Percy and Ulf seem to show the same polarization that Berggren and Trägårdh see in the characters of Pippi and Annika in Pippi Longstocking (259–260): Ulf, like Annika, represents the middle-class child who can sometimes engage in minor transgressions while knowing all along that he can go back to the safe nest of a loving family. Percy on the other hand, like Pippi, appears as the outsider, at once fascinating and scary, who embodies the dream of rebellion. Moreover, according to historian Göran Hägg, Pippi represents both an escapist dream and an image of the child as he/she was imagined in the folkhem: strong, independent, and capable of overcoming even the harshest situations (59–60). Percy shows a similar disposition, but he is faced with a much more realistic and prosaic world than Pippi; he sure is strong and unconventional but, unlike Pippi, he does not have a suitcase full of golden coins. His working-class background is a stigma which is not easily overcome, and he constantly has to deal with the consequences of his economic and social disadvantage.

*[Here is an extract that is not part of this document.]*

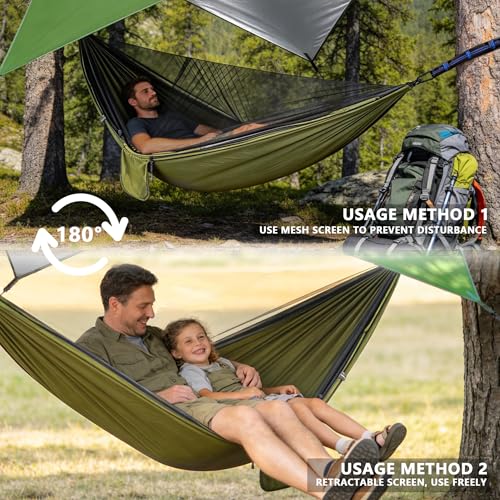 Camping Hammock with Rain Fly Tarp Mosquito Net Heavy Duty Tree Straps Portable Double Parachute Hammock Tent Waterproof Rainfly Set 660lbs Maximum Weight (Rain Fly Size：98.4x59in / Armygreen)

Ulf – as opposed to his other friends, who at first reject Percy – is peculiarly oblivious to Percy’s social background; for him, he is just a fairly good approximation of his (manly) ideal. The narrator, however, subtly emphasizes those markers of Percy’s social inferiority that the focalizer does not seem to notice or care about. This is particularly evident in the depiction of the material world that surrounds the children and the way they deal with “stuff.” Thus, we are informed that Ulf lives in a spotless multi-storey house full of expensive things, such as the big chandelier that catches Percy’s attention the first time Ulf invites him over, while Percy lives in an apartment building. While the first hyreshus (apartment buildings) in the suburb of Stureby were built in the 1930s, we know that Percy’s house is “newly-built” (Stark, Shoes 11): it could be one of the apartment buildings built around 1950 to provide low-income families with better housing standards than they could find in the city.6 Much to the same effect, the narrator informs us that Ulf’s mother plays the piano and has very strong opinions as to the proper haircut for respectable children, while his father is a dentist and an amateur radio operator who is learning French, likes classical music and reads good books (and hates comics). Additionally, Ulf’s father is portrayed as a typical folkhem parent; despite not being as present in his children’s lives as their mother is, he is nonetheless preoccupied with their education and well-being: in his extensive library he has several books on pedagogy and child rearing. Overall, Ulf’s is a well-functioning family, as symbolized by the clocks in their house, which the father and Ulf’s older brother wind up every night.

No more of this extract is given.